Using a novel senolytic drug, scientists have successfully eliminated senescent cells in human skin transplanted into mice. The treatment led to prolonged skin rejuvenation [1].
Senescence and senolytics
Senescent cells, also known as “zombie cells”, are cells that have stopped proliferating after being subjected to any of several types of stress (replicative, chemical, radiational, etc.) but evade clearance by the immune system. Such cells secrete the senescence-associated secretory phenotype (SASP), a cocktail of mostly harmful molecules that harm neighboring cells, driving more of them towards senescence and promoting inflammation. Cellular senescence is one of the hallmarks of aging.
Clearing away senescent cells with senolytics is a popular emerging strategy in the longevity field, but creating effective therapies have proved tricky. However, attempts continue, as evidenced by this new study coming from Japan.
Clearing out senescent fibroblasts in vitro
The researchers experimented with a recently discovered senolytic, which has a long chemical name shortened to BPTES. It works by inhibiting the enzyme glutaminase, which is essential for the survival of senescent cells [2]. Their goal was to see whether BPTES can effectively target senescent human skin cells in vitro and in vivo and whether clearing out those cells can lead to actual skin rejuvenation.
For their in vitro experiments, the researchers used human fibroblasts. Skin is thought to be one of the organs most affected by cellular senescence, with 15-60% of fibroblasts in the skin of aging mice being senescent [3]. Senescent cells are not always harmful. They play a role in wound healing [4], which is obviously important when it comes to skin, but with age, the “dark side” of senescent cells prevails.
The researchers induced senescence in the fibroblasts by three different method: replication, radiation, and treatment with doxorubicin, a chemotherapy drug. Such thoroughness is required, because senescence phenotypes differ significantly. The researchers then confirmed that some of the fibroblasts became senescent.
Here again, three different popular markers were used: senescence-associated ß-galactosidase (SA-ß-gal), p16, and p21. For additional robustness, senescence was also confirmed using morphological analysis, as senescent cells are generally larger and flatter than healthy cells. Another assay confirmed that proliferation levels in the culture had dropped as expected.
BPTES was used in different doses to eliminate the senescent fraction of the fibroblasts. The effect on the senescent cells was dose dependent. The highest dose decreased senescent cell viability almost to zero while barely affecting the viability of non-senescent cells, which shows both high efficacy and high specificity.
Rejuvenating human skin… in mice
To investigate the effect of BPTES on actual aged human skin, the researchers transplanted patches of it into naked mice. Prior to the transplantation, the samples were stained for senescence markers, which showed an abundance of senescent cells. The researchers then treated the transplants with BPTES and followed up for one month.
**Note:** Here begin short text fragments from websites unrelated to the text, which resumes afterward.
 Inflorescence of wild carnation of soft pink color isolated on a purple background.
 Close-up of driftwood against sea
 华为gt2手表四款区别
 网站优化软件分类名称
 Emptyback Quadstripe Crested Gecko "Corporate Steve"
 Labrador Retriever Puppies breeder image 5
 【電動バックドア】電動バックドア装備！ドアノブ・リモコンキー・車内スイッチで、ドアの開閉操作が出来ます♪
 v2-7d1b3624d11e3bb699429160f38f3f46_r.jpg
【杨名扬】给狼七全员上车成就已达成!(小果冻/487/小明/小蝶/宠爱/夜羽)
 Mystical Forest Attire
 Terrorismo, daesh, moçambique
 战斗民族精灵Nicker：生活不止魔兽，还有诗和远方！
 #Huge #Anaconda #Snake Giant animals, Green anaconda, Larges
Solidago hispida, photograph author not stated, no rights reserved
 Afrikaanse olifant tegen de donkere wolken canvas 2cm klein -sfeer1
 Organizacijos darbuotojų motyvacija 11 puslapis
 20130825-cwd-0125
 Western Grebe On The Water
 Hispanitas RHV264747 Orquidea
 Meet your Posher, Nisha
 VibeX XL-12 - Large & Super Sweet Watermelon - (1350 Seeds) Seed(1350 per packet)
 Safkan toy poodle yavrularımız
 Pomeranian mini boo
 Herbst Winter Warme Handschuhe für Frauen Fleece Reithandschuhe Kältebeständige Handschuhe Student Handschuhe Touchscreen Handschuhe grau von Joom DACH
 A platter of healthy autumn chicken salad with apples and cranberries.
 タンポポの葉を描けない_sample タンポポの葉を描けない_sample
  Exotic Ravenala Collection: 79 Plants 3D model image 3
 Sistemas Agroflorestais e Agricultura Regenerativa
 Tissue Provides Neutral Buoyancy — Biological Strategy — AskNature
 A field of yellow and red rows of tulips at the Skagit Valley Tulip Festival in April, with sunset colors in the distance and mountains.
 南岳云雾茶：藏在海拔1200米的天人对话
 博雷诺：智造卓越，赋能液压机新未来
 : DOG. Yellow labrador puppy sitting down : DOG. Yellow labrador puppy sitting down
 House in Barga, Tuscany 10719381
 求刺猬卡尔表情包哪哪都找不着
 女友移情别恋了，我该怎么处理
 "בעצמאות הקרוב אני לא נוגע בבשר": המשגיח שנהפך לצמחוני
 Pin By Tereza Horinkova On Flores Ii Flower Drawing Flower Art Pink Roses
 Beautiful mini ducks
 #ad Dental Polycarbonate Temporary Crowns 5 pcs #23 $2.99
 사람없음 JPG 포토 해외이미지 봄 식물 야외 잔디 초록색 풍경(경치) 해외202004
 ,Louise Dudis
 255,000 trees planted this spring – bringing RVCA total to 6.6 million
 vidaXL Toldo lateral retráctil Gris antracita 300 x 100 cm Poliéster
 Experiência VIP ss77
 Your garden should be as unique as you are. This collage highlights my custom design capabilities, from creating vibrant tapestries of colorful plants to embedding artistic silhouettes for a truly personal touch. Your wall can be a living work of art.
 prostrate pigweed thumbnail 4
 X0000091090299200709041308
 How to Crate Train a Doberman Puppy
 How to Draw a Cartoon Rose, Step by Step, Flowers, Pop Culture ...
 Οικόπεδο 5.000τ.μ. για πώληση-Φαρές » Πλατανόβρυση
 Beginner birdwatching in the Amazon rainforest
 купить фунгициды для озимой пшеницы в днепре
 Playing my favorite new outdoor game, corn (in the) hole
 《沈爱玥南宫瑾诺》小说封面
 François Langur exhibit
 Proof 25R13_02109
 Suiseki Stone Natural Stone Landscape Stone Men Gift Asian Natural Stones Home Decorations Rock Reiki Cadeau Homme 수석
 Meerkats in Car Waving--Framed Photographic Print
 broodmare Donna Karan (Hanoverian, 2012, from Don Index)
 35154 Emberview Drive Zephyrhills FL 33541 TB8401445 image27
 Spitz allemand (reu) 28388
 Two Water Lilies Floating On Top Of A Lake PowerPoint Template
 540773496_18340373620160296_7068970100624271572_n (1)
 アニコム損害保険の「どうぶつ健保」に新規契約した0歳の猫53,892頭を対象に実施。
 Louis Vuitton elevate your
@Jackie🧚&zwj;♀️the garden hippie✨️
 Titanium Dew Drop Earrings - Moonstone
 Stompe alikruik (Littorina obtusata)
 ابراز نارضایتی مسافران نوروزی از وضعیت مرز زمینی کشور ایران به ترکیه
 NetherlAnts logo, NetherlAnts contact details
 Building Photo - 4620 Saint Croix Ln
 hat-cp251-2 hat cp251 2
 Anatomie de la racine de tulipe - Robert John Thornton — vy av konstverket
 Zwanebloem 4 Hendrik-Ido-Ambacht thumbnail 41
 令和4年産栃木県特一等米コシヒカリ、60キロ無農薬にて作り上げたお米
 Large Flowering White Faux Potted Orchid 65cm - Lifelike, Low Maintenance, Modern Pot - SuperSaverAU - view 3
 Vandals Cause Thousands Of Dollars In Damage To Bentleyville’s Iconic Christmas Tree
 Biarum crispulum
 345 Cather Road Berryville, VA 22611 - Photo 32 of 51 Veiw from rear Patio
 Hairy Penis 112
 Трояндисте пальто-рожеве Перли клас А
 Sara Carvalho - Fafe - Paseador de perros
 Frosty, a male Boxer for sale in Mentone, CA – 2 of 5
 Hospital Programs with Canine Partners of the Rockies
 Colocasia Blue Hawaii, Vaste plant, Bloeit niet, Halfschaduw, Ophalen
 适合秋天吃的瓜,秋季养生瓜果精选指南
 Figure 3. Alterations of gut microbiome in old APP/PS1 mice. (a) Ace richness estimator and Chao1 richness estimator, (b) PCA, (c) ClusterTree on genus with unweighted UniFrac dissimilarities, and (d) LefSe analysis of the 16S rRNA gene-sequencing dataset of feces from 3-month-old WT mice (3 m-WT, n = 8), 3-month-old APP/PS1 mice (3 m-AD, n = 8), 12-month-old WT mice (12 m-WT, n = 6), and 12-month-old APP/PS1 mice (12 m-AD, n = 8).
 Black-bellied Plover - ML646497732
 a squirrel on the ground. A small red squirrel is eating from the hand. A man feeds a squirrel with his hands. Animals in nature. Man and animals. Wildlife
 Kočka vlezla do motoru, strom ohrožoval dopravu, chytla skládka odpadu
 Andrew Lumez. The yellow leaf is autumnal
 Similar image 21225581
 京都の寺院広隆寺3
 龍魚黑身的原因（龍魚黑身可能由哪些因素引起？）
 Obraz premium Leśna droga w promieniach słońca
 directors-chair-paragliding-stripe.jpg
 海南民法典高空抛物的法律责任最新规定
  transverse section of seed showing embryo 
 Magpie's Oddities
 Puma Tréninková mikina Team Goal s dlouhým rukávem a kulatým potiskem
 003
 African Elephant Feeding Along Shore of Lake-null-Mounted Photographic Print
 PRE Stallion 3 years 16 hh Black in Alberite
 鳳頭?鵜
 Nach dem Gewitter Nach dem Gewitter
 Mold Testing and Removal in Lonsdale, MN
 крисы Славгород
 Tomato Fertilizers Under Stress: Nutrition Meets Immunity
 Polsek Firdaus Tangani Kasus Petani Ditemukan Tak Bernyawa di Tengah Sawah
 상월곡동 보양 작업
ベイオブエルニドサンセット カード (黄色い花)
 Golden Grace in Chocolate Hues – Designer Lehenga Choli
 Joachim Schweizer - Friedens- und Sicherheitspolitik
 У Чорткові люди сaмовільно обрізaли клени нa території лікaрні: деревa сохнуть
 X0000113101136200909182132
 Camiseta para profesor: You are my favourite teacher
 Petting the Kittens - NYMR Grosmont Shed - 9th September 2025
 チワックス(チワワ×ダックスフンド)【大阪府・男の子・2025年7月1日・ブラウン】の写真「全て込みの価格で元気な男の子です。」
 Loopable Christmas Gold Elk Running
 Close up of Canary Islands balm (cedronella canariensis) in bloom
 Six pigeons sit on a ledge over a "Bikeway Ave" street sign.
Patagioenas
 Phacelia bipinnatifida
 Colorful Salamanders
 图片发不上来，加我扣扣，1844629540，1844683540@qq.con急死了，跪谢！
The treatment drastically reduced the number of cells that tested positive for SA-ß-gal, p16, and p21. Importantly, the levels of cellular senescence remained low even after a month of follow-up, indicating a protracted effect. The researchers also measured the proliferation marker Ki67 and saw a very significant increase in the rate of cell division following the treatment. BPTES also attenuated the levels of several SASP molecules that were elevated in the skin prior to transplantation (metalloproteinases and the inflammatory cytokines IL-1a, IL6, and TNFα).
Collagen density, which determines skin elasticity and decreases with age, was significantly increased by the treatment, as shown by histological analysis. The mRNA expression of Col1A1, the gene that produces type I collagen, was more than twice as high in the treated transplants than in controls. Moreover, collagen levels remained high during the month-long follow-up. This suggests that senolysis might be a viable strategy for long-term skin rejuvenation.
Conclusion
In this study, the researchers were able to cause an impressive reduction of cellular senescence in human skin both in vitro and in vivo. The treatment had a protracted rejuvenative effect on aged human skin samples transplanted into mice. It is easy to see how this can lead to actual human trials in the near future.
Literature
[1] Takaya, K., Ishii, T., Asou, T., & Kishi, K. (2022). Glutaminase inhibitors rejuvenate human skin via clearance of senescent cells: a study using a mouse/human chimeric model. Aging, 14.
[2] Johmura, Y., Yamanaka, T., Omori, S., Wang, T. W., Sugiura, Y., Matsumoto, M., … & Nakanishi, M. (2021). Senolysis by glutaminolysis inhibition ameliorates various age-associated disorders. Science, 371(6526), 265-270.
[3] Wang, C., Jurk, D., Maddick, M., Nelson, G., Martin-Ruiz, C., & Von Zglinicki, T. (2009). DNA damage response and cellular senescence in tissues of aging mice. Aging cell, 8(3), 311-323.
[4] Wilkinson, H. N., & Hardman, M. J. (2020). Senescence in wound repair: emerging strategies to target chronic healing wounds. Frontiers in cell and developmental biology, 8, 773.